Though a blood test exists that can detect some of marijuana’s components, there is no widely accepted, standardized amount in the breath or blood that gives police or courts or anyone else a good sense of who is impaired. In any event, the employer in this case used a urine test which provides no proof of whether the employee was intoxicated at the time when the test was taken.
The CCMA ruling suggests that the Commissioner was not aware of the limitations of urine tests used to detect traces of dagga in the body. The Commissioner found that the “applicants were tested through a urine test and found to be under the influence of cannabis which was admitted by the applicants”. This must be wrong as the test could not have found that the employees were under the influence of cannabis at the time of testing. It is therefore also unclear whether the employees admitted to being under the influence or admitting that they had used cannabis previously and that there were therefore traces of cannabis in their urine.
The correct legal position must be that an employee cannot be dismissed for being under the influence of dagga at work merely because a urine test detected traces of cannabis in his or her urine. Unless the employer can prove that the employee was under the influence of dagga while at work (something that cannot be done by using a urine test), it would normally not be legally permitted to dismiss that employee for substance abuse or for being under the influence of dagga at work.
Some jobs may require a degree of attentiveness that may preclude any use of cannabis in the few days before an employee has to work. Flying a passenger plane might be such a job. In such cases it may be reasonable for an employer to adopt a rule that testing positive for traces of cannabis in your urine is a dismissible offence in all cases.

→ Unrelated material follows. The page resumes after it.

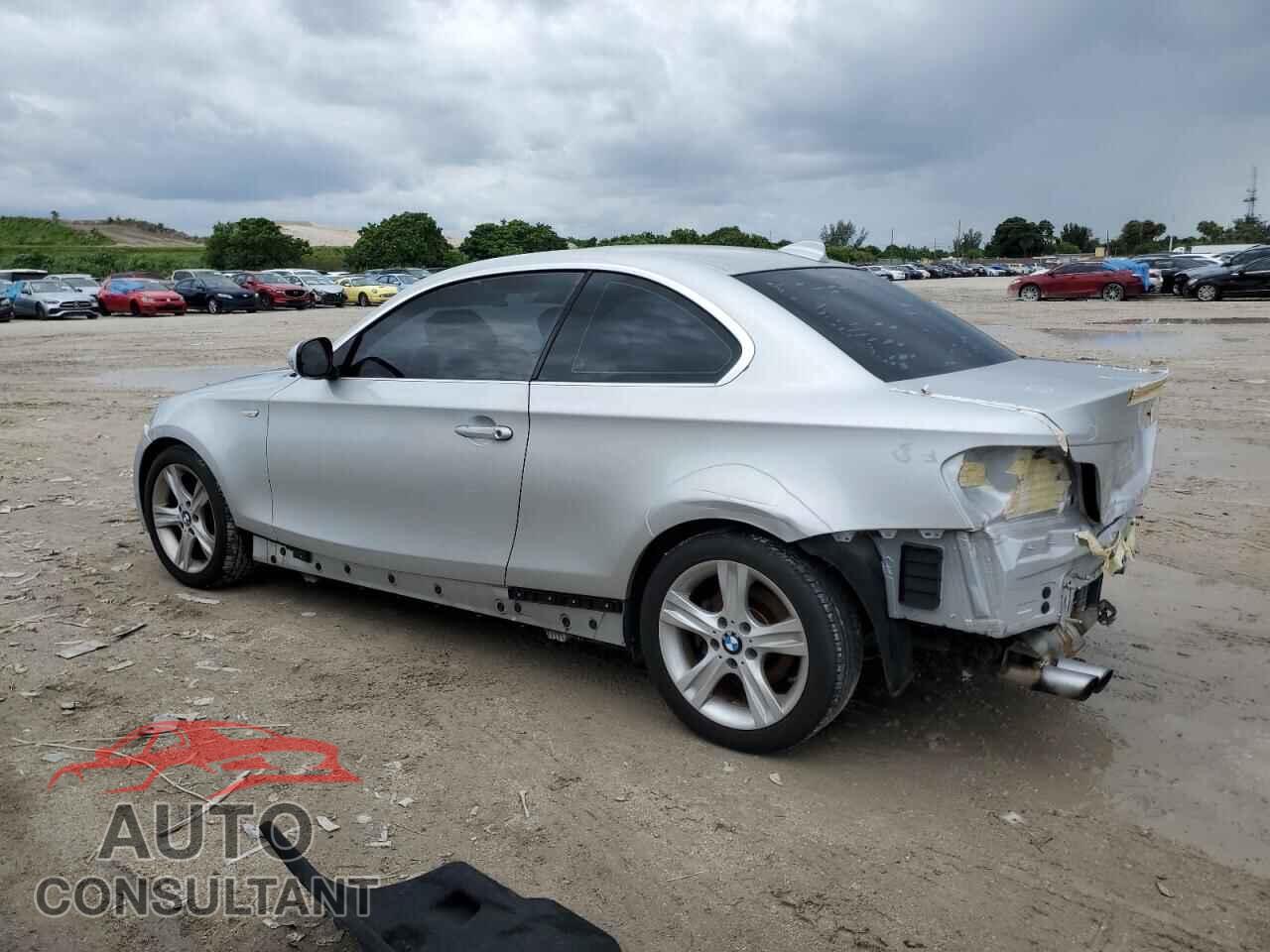BMW 1 SERIES 2012 - WBAUP7C56CVP22977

But for most jobs it would not be reasonable to adopt such a rule. Just as it would not be reasonable to prohibit an employee from drinking any alcohol in the days or weeks before they come to work, it would not be reasonable for most employers to prohibit employees from using cannabis in the days or weeks before they come to work.
It is for this reason that I suspect the dismissed employees from NCT Durban Wood Chips were hard done by.